When it comes to teaching the multiplication facts, students will often find multiplying by 6, 7, 8 and 9 the trickiest to master.

There are two main reasons why.

**Students don't understand the Commutative Property of Multiplication.**They don't see 6 x 4 and 4 x 6 as being equivalent. While they can answer 4 x 6, the answer to 6 x 4 eludes them. This means that when they learn the 6x facts rather than understanding they only need to learn 6 x 6, 6 x 7, 6 x 8 (and 6 x 9 if you haven't taught it earlier), they think they need to learn 11 new multiplication facts (0 – 10x) or 13 if you're teaching to the 12s multiplication facts. That can be overwhelming.**Students don't know any****multiplication strategies****to help them**.

Sadly it's thought that as many as

40% of students have not developed a confident knowledge of these facts by the time they leave primary school.

(Siemon et all cited in McIntyre 2014)

## Using Multiplication Strategies

In a previous blog post, I've talked about the need to introduce the facts in an order other than numerical. That is, we don't introduce the facts starting at 0 and going through to 12x. If we change the order so we are beginning with the foundation facts 2, 5 and 10s multiplication facts, students can build upon the facts they know to help them with unknown facts.

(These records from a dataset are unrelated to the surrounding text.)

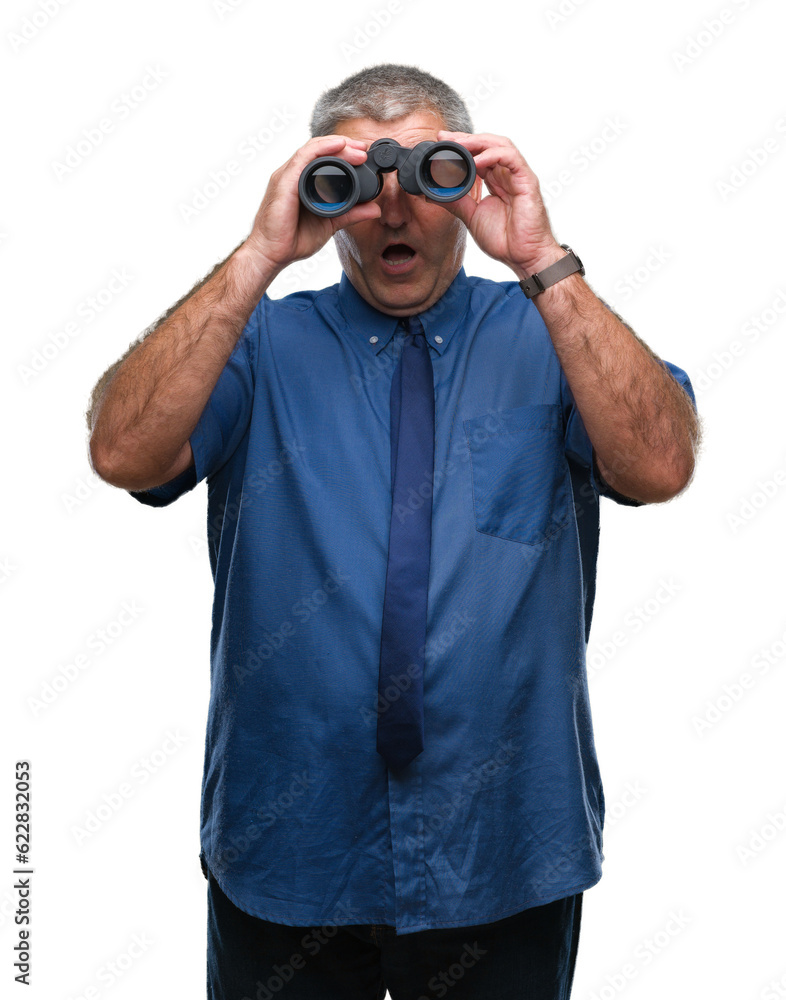 Handsome senior man looking through binoculars over isolated background scared in shock with a surprise face, afraid and excited with fear expression Handsome senior man looking through binoculars over isolated background scared in shock with a surprise face, afraid and excited with fear expression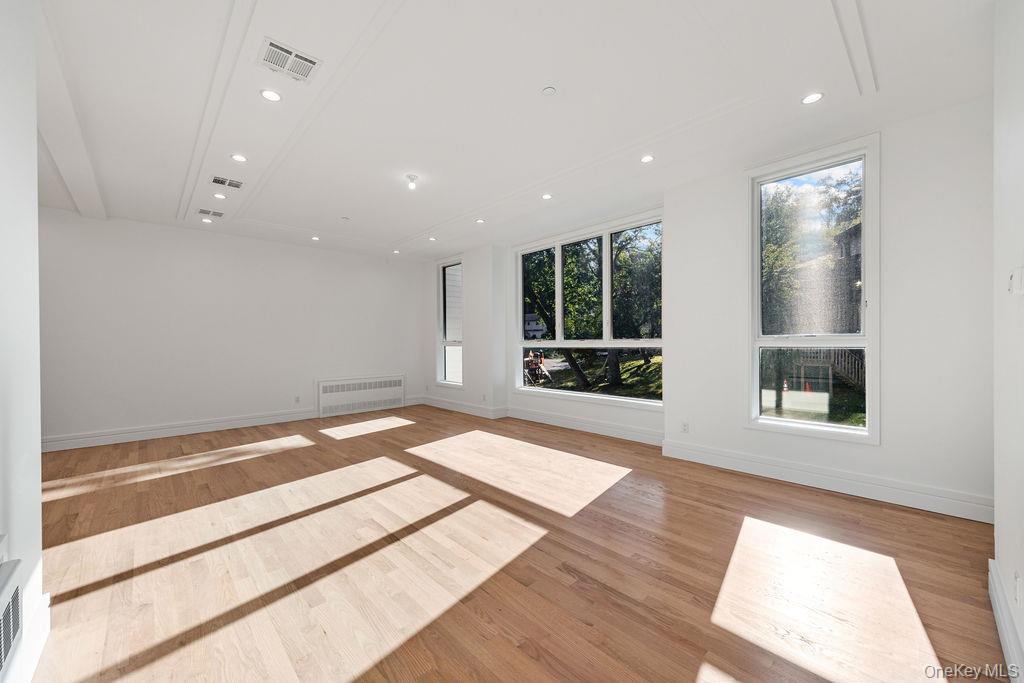 40 Singer Avenue, Unit 201 Spring Valley, NY 10977 - Photo 8 of 50 a view of an empty room with a window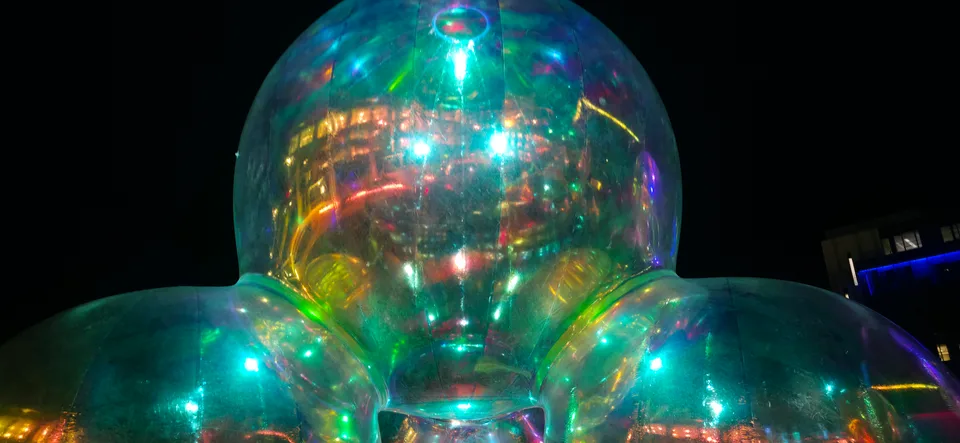 Three large transparent spheres reflect colourful lights against a dark sky with a lit building behind.
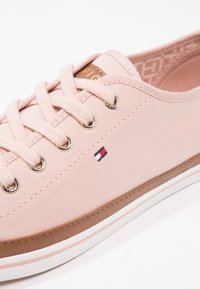 Baskets en toile rose clair avec semelle blanche et marron, lacets roses, œillets métalliques et petit logo rectangulaire rouge, blanc et bleu sur le côté.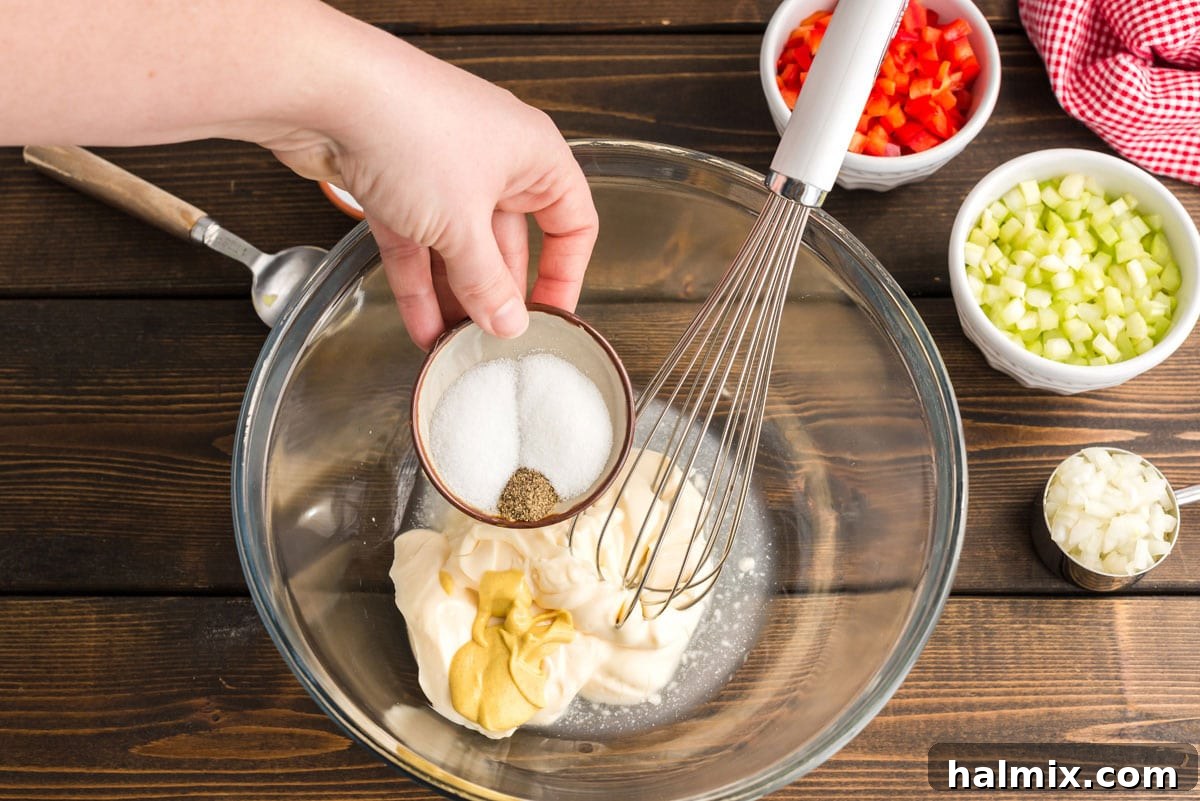 Nana's Classic Macaroni Salad 4 Adding salt and pepper to the mixing bowl containing mayonnaise and mustard, enhancing the dressing's flavor.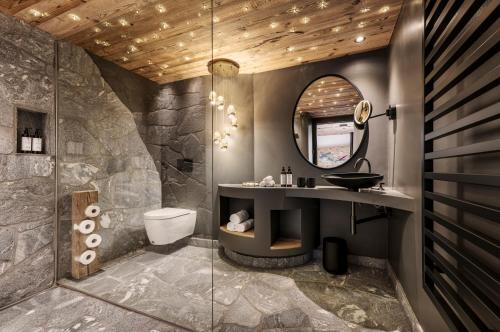 a bathroom with a sink and a mirror at GipfelKreuzLiebe Senhoog Luxury Holiday Homes in Leogang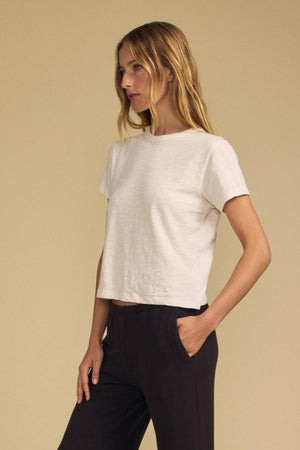 A woman stands against a beige background, wearing the relaxed fit LEIGH TEE in white—crafted from cotton jersey by Velvet by Graham & Spencer—and black pants, with one hand in her pocket as she looks to the side.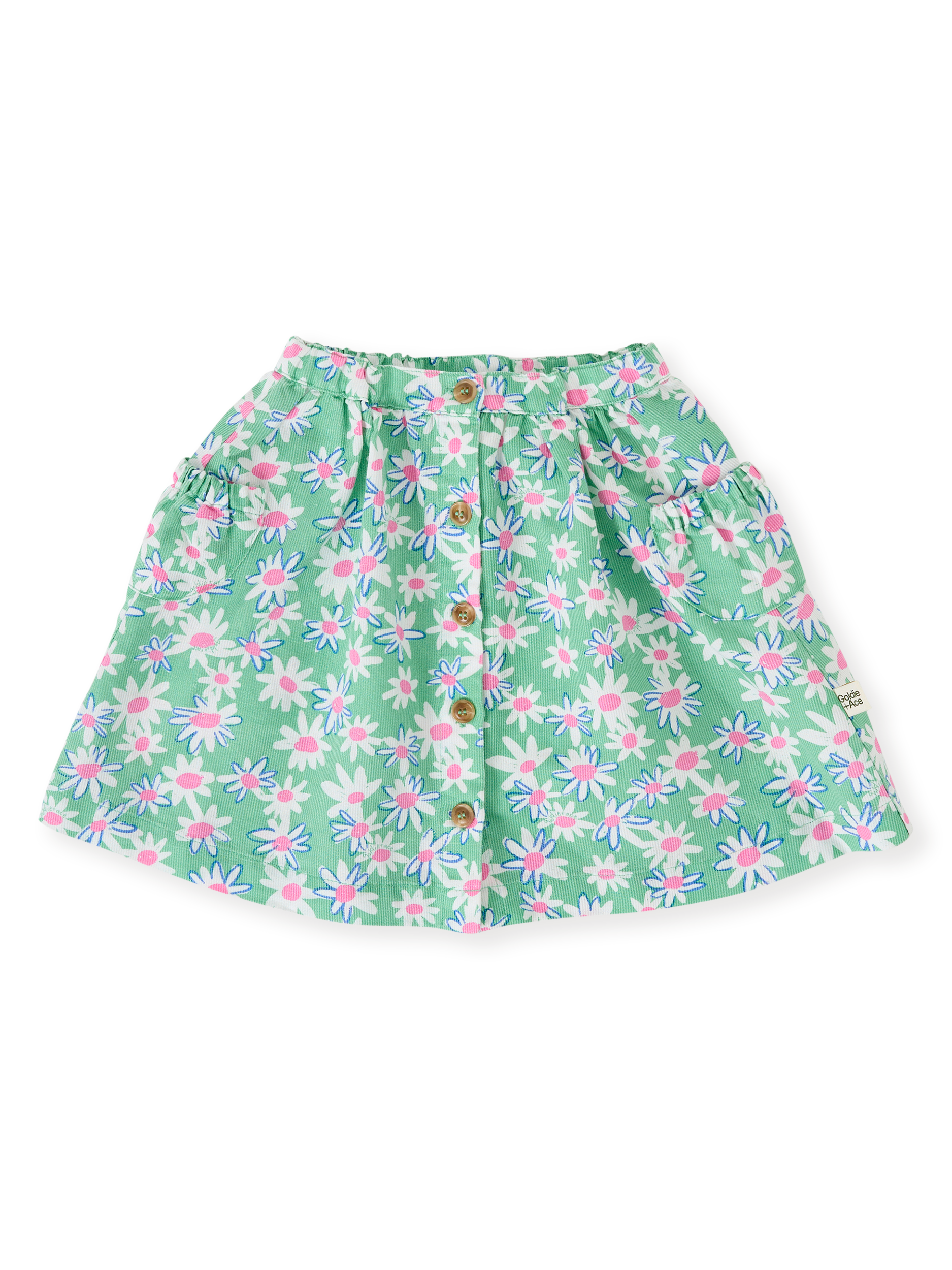 The Goldie + Ace Daisy Patch Presley Pocket Skirt in Moss pictured on a transparent background. The material is breathable cotton-linen blend. It is a bottom made for babies, toddlers and kids.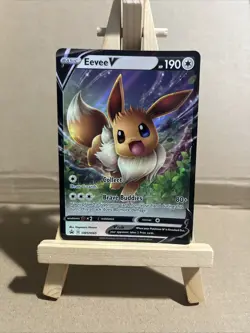 Pokemon TCG SWSH065 Eevee v Black Star Promo Holo Card - Image 1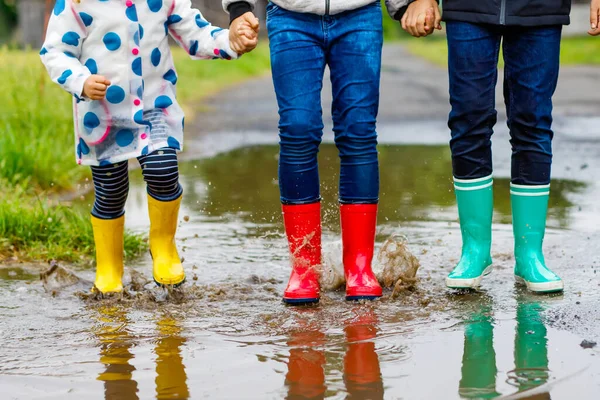 Três crianças, menina criança e dois meninos crianças vestindo botas de chuva vermelhas, amarelas e verdes e andando durante o trenó. Irmãos felizes a saltar para a poça. Divertindo-se ao ar livre, família ativa — Fotografia de Stock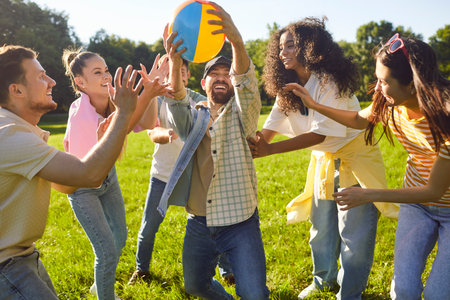 Happy joyful young people friends in casual clothes having fun in the summer park. Smiling men and women catching ball playing together outdoors on holidays. People and leisure in nature concept.の写真素材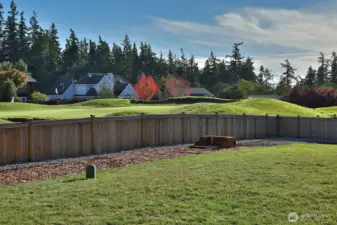 Fencing keeps pups and kids in from the golf course and golfers going by!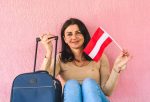 Young woman with suitcase holding Austrian flag symbolizing study abroad opportunities in Austria.
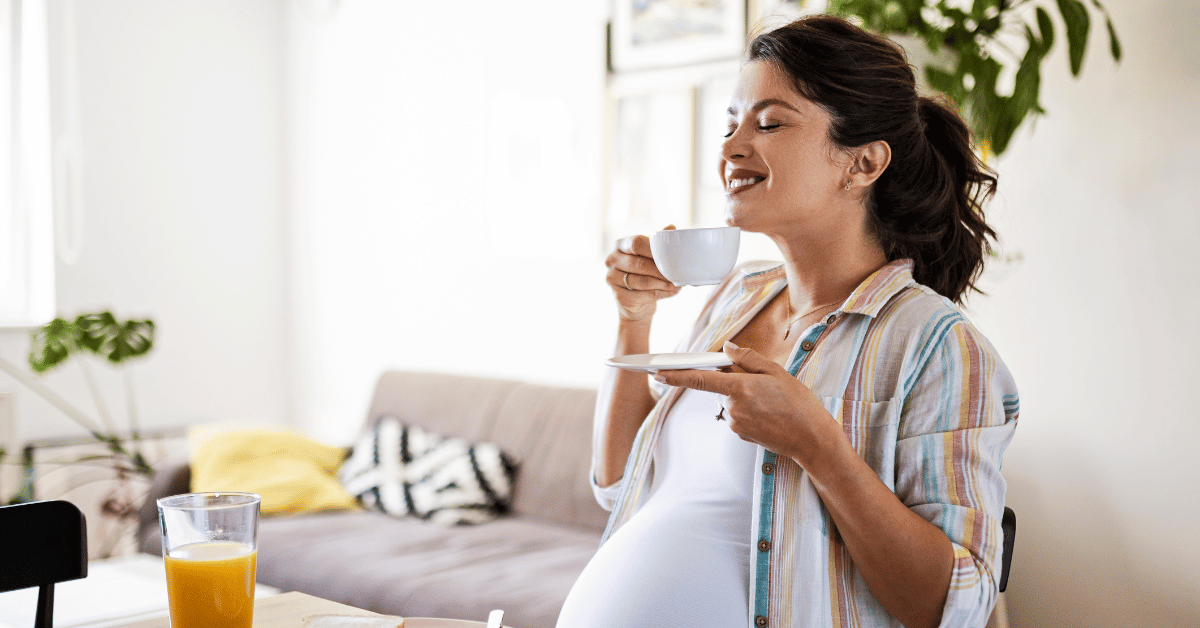 A pregnant woman drinks a cup of coffee.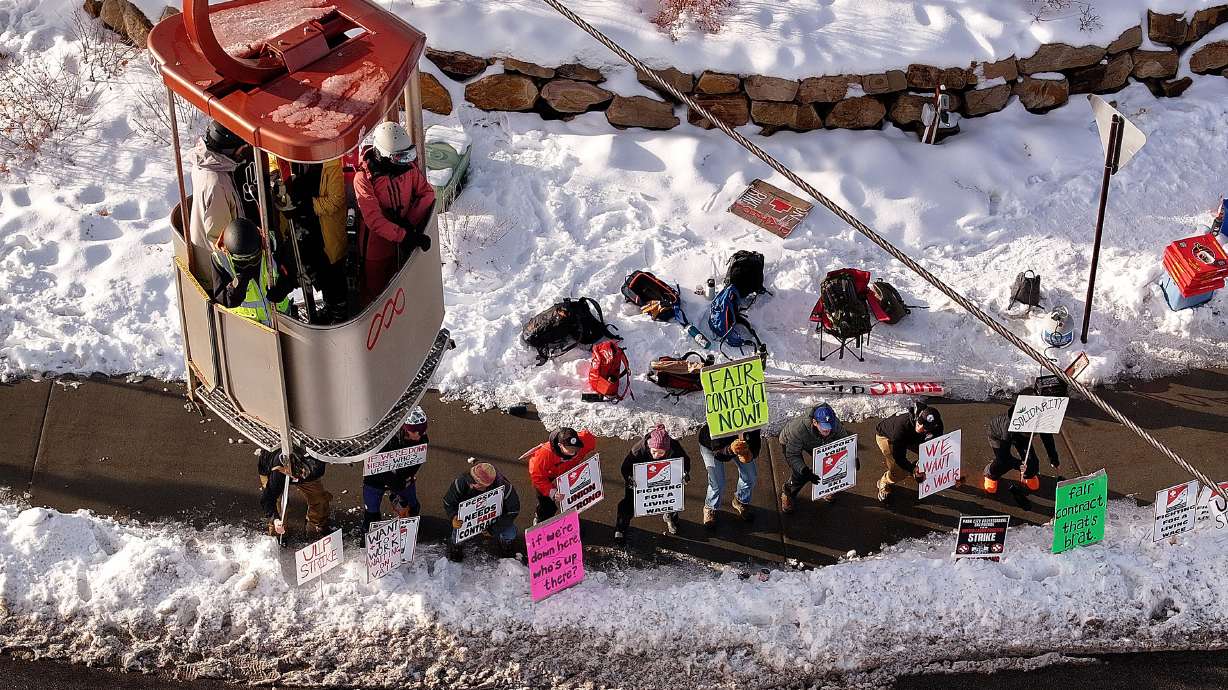 Park City Mountain ski patrollers on strike at Park City Mountain Canyons Village in Park City on Jan. 2. An Illinois man filed a class action lawsuit on Thursday against Park City Mountain's owner over his visitor experience during the strike.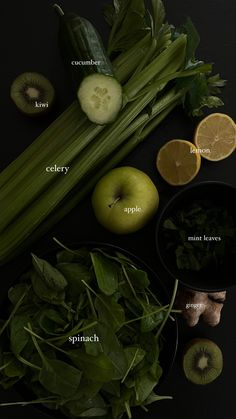 an assortment of fruits and vegetables on a black surface with the names in english, cucumber, celery, apple, spinach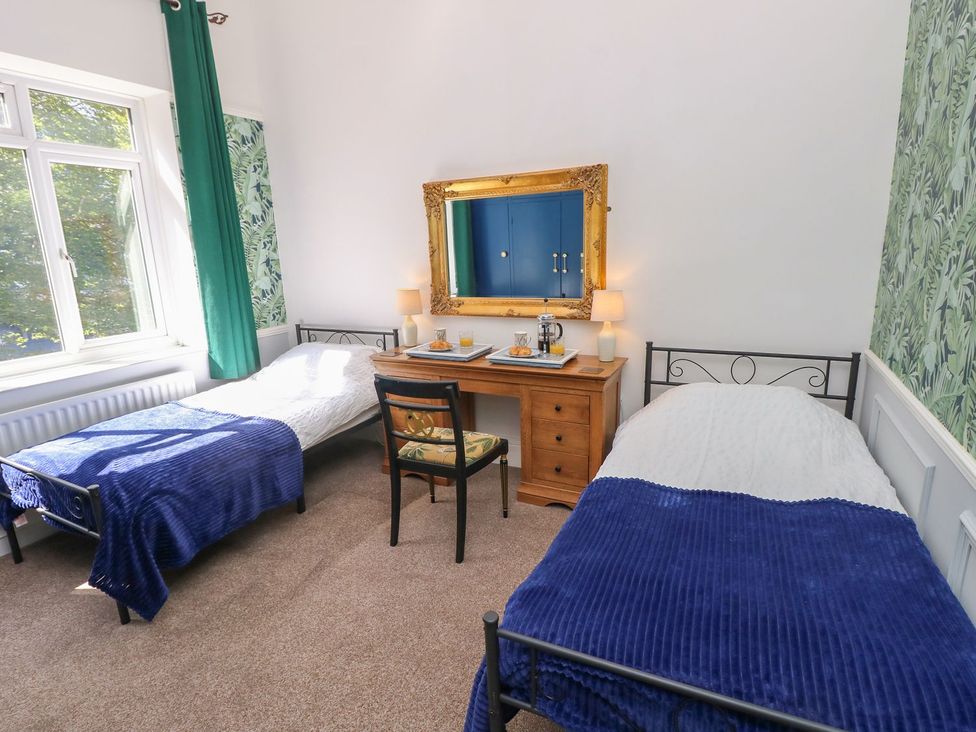 A bedroom with two beds and a table at The Pines in Bournemouth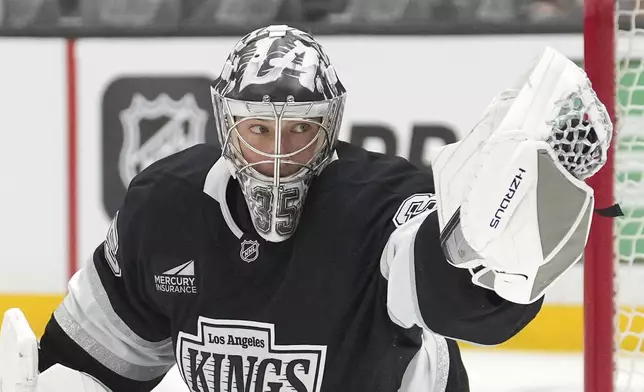 Los Angeles Kings goaltender Darcy Kuemper makes a glove save during the first period of an NHL hockey game against the Tampa Bay Lightning, Saturday, Jan. 4, 2025, in Los Angeles. (AP Photo/Mark J. Terrill)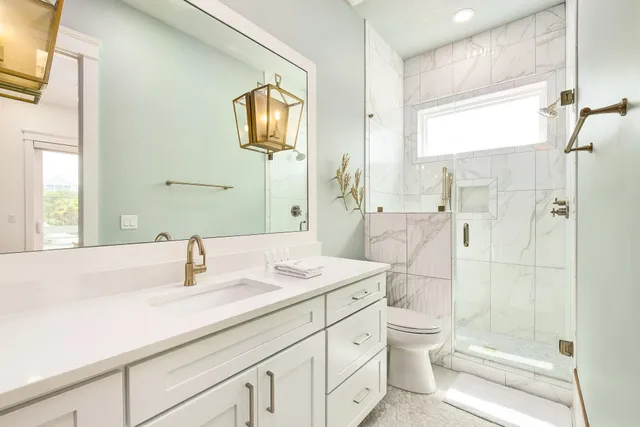 a bathroom with a sink a toilet and shower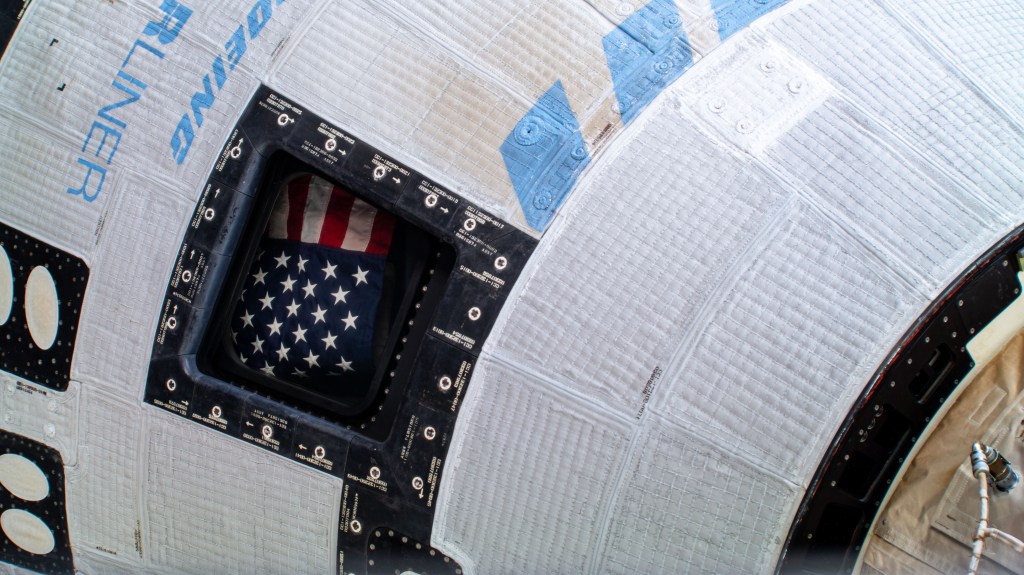 The American flag is pictured inside the window of the Boeing Starliner spacecraft that carried NASA astronauts Butch Wilmore and Suni Williams to the International Space Station on NASA's Boeing Crew Flight Test.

The 6, 7 and 8s multiplication facts rely on skip counting from a known fact to find the answer to an unknown fact. For example, if a child knows the answer to 5 x 8, to find the answer to 6 x 8 they would count on (or add) one more group of 8. They should not be counting through all the multiples of 6 to find the answer.

The 9s multiplication facts can also use this strategy but students need to subtract a group of nine. If you've taught the facts in the recommended order, students will already know their 10s facts. 10 x 6 is 60 therefore 9 x 6 is one less group of 6 so the answer is 54 (60 – 6 = 54). There is another thinking strategy for the 9s facts but I won't talk about it here.

We can encourage skip counting for multiplication by using a hundreds chart, skip counting cards, and by playing the class game Buzz which has students practicing counting in multiples.

## Provide Meaningful Practice

When it comes to practicing difficult concepts, worksheets that focus on answering rows and rows of multiplication facts are not the answer. Children are more likely to switch off or give up when presented with difficult concepts (or concepts thought to be difficult). It's not uncommon to hear a student say they're bad at multiplying or worse, bad at math. Of course, that's not the case, but once the belief is in a child's head, it's hard to shake.

Games are the best way to provide meaningful practice with these ‘harder facts'. Actually with all the multiplication facts!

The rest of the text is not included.